Crypto compromise coming?
Sounding more optimistic than before, Sen. Conrad Burns says a compromise could be on the horizon for federal limits on encryption exports.
At a meeting in Silicon Valley just three weeks ago, Burns told reporters that he doubted legislation would move this year to relax restrictions on strong encryption, which secures digital communication. Burns noted that there weren't enough days left in the legislative session.
But today, Burns said he and six other key senators, including majority leader Trent Lott (R-Mississippi), have promised to pass encryption legislation if the Clinton administration does not change its policy.
"We have been debating this issue since the administration's introduction of the ill-fated Clipper chip proposal over five years ago, but no substantial change in administration policy has taken place. It is time for us to take action," Burns, who has long fought to relax the export limits, said in a statement.
Federal rules not only restrict the export of strong encryption, they require that exporters get a license. The rules also require that products eventually support key-recovery systems, which let investigators access secure email or computer files.
Law enforcement officials say they need access to the private keys to investigate tech-savvy suspects. But privacy advocates argue that the restriction affects all overseas computer users by prohibiting their access to the best security products.
Moreover, software makers say that encryption products with a "back door" for police aren't marketable and are too weak to secure email or data files.
"Law enforcement has legitimate concerns about the spread of this technology, and we must work to provide them the tools and expertise they need to keep up with advances in encryption technology," Burns added. "The fact is that we are making fundamental decisions about what kind of privacy Americans will have in the years to come."
The hottest proposal on the table is the E-Privacy Act.
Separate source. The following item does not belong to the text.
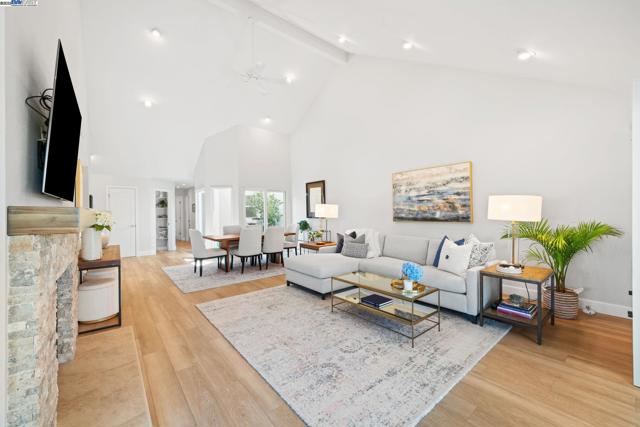 711 Glen Eagle Ct, Danville CA: https://media.crmls.org/mediaz/6f4f9116-76ec-4f99-b910-9bcf8ccba783.jpg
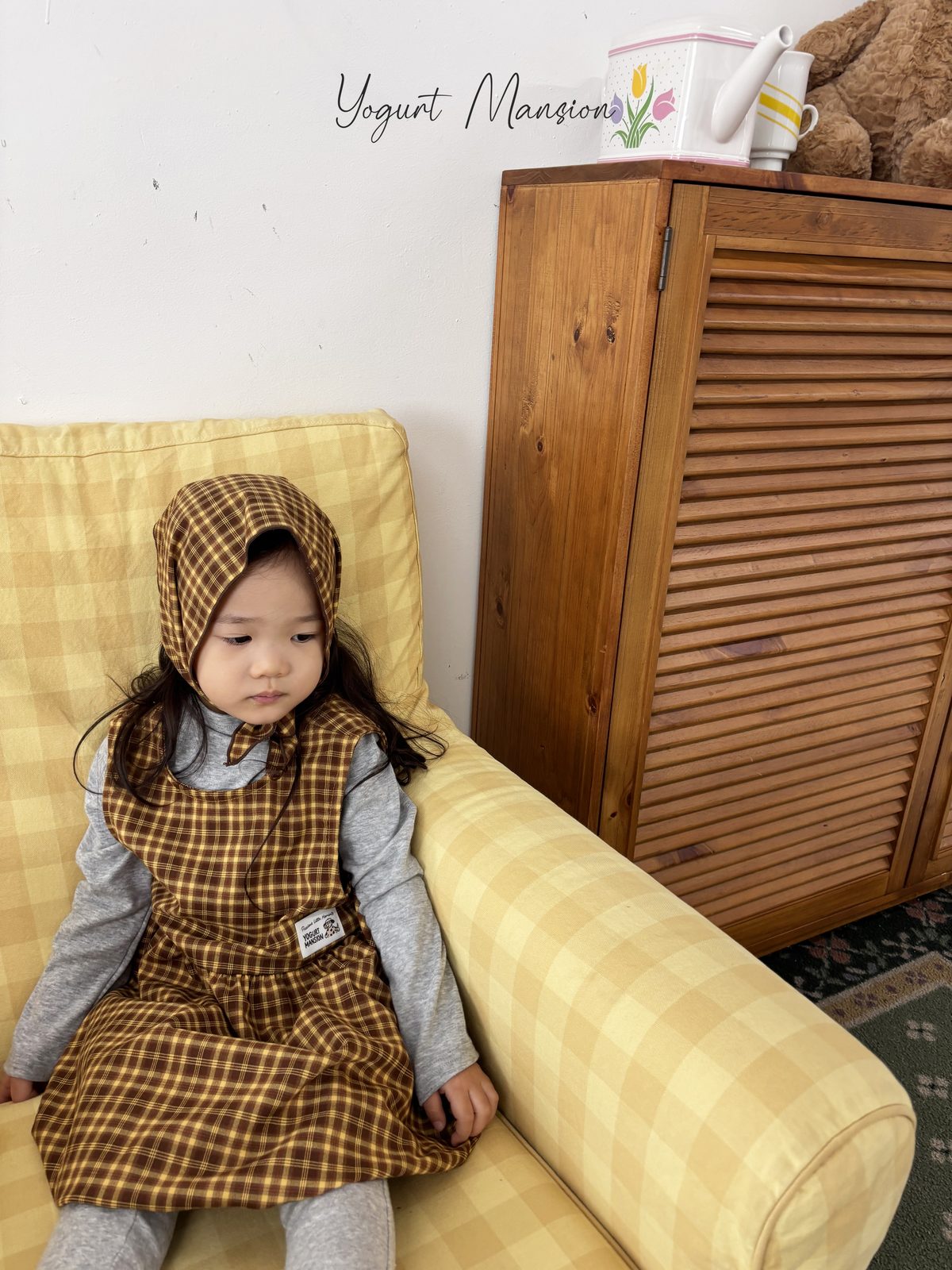 Yogurt Mansion Yomi Scarf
The bill would lift crypto export regulations for products that are generally available on the international market.
The legislation also would prohibit the government from mandating within those products key-recovery systems or key escrow, in which copies of people's private crypto keys are stored with licensed third parties or the government. Currently, manufacturers must show they plan to support key-recovery in the future to get an export license.
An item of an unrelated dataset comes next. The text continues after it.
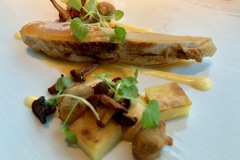 Restaurant La Villa In The Sky - Poularde, petits gris, mousseline, girolles Restaurant La Villa In The Sky - Poularde, petits gris, mousseline, girolles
The E-Privacy Act also carves out some concessions for law enforcement. For example, the proposal would make it a felony to use encryption to "conceal incriminating communications or information about a crime." In addition, a National Electronic Technology Center would be set up to bring together encryption makers and nationwide investigators who need assistance in decrypting messages to catch criminals.
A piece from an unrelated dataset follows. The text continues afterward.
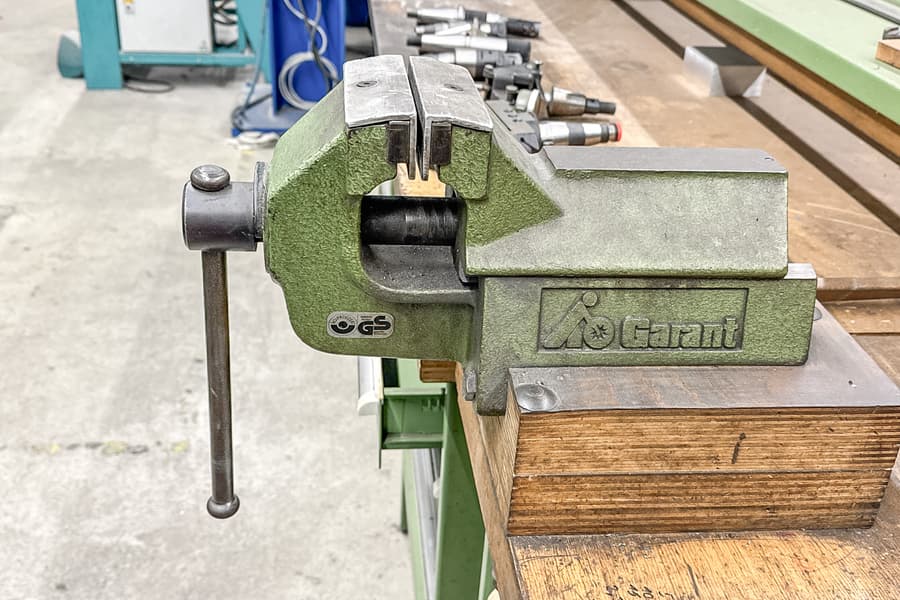 Schraubstock Garant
Although there have been several meetings between the private sector and administration along with numerous hearings about the encryption export limits, the rules have remained intact. Also, the handful of bills to ease the regulations have never been passed.
"Continuing to restrict the foreign sale of American encryption technology that is already available abroad, or will soon be available, is antibusiness, anticonsumer, antijobs, and antimotivation," Lott said in a statement. "If the administration will not do what is right, reform its export regime, then Congress must enact encryption reform during this session."